Phishing, Vishing, Smishing
By means of phishing, the criminals lure victims into providing their passwords and other personal information.
Fraudsters try to obtain confidential data from unsuspecting users. This could involve access credentials for email accounts, online auction sites or credit card details. The fraudsters take advantage of their victims' good faith and helpfulness by sending them emails with false sender addresses. The emails tell the victims that their account details and access credentials (e.g. username and password) are no longer secure or up-to-date, for instance, and need to be changed using the link provided in the email. However, the link does not lead to the genuine page of the respective service provider, rather to the fraudster's apparently identical web page.
Another way of obtaining sensitive data is so-called vishing (short for voice phishing). Vishing uses verbal scams, usually over the phone, to trick people into doing things they believe are in their best interests.

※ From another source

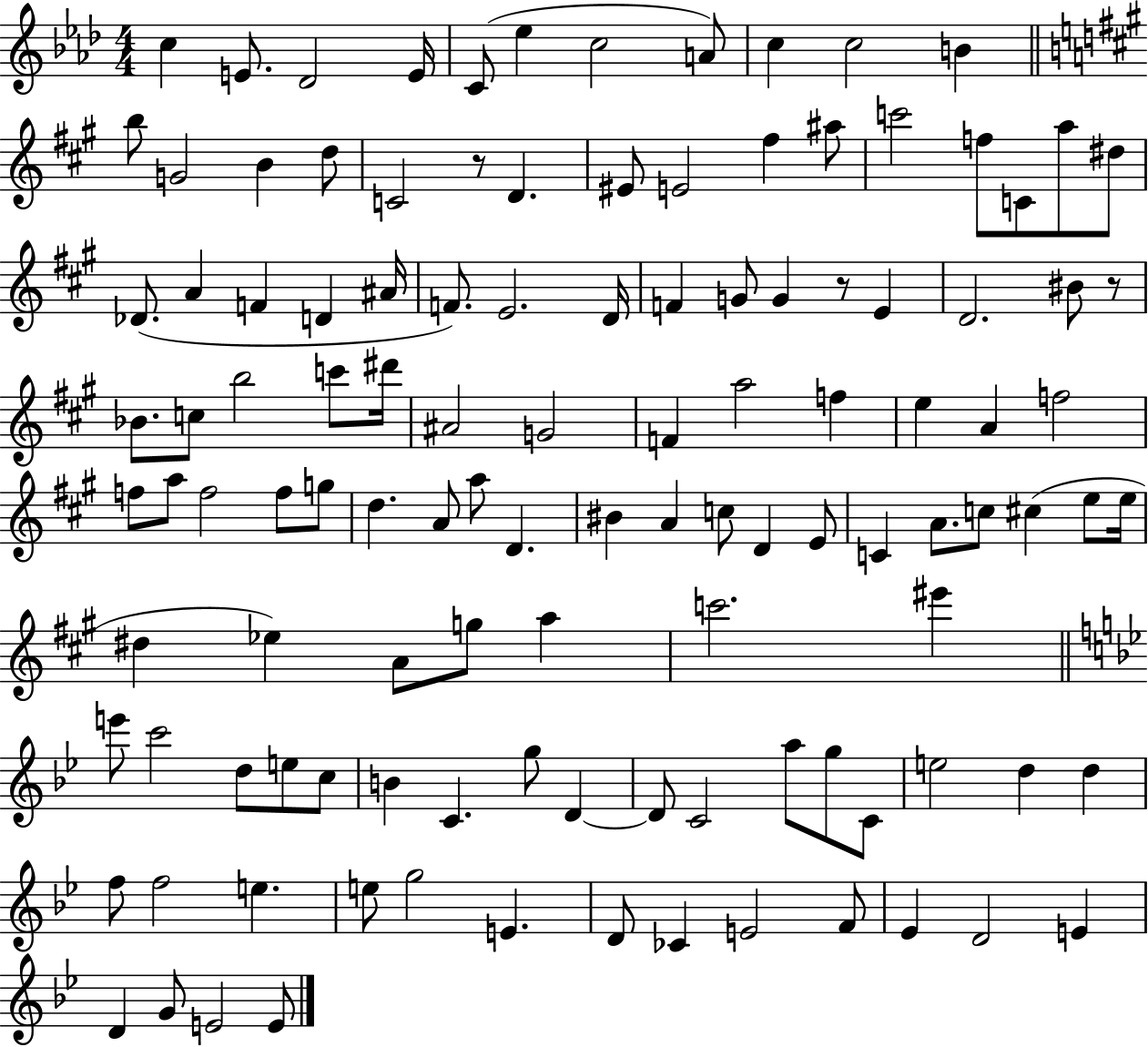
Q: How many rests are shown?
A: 3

It is often difficult to spot vishing attempts. For instance, callers can spoof the caller ID at will. This makes it difficult to identify the caller if, for example, a known or trustworthy number is displayed. Victims often do not realise that the person on the other end of the phone is conning them until after they have handed over their credentials. However, there are some warning signs that can help you spot potential scams.
- In many cases, the callers are self-appointed experts or authorities in their fields. They masquerade as computer technicians, bankers, police officers, or even victims themselves.
- The callers exert pressure.
- The callers ask for confidential information over the phone.
Data can also be stolen via text message. Smishing is a form of phishing, also known as SMS phishing, that uses convincing phishing SMS/text messages to trick potential victims into clicking on a link and sending personal information to the fraudster.
Smishing messages typically appear to be from a trustworthy sender, e.g. a well-known retailer or logistics company. These messages can be disguised as a parcel notification, for instance. A link in the message usually takes the recipient to a website created by the fraudsters on which the person is asked to enter personal data or credit card details.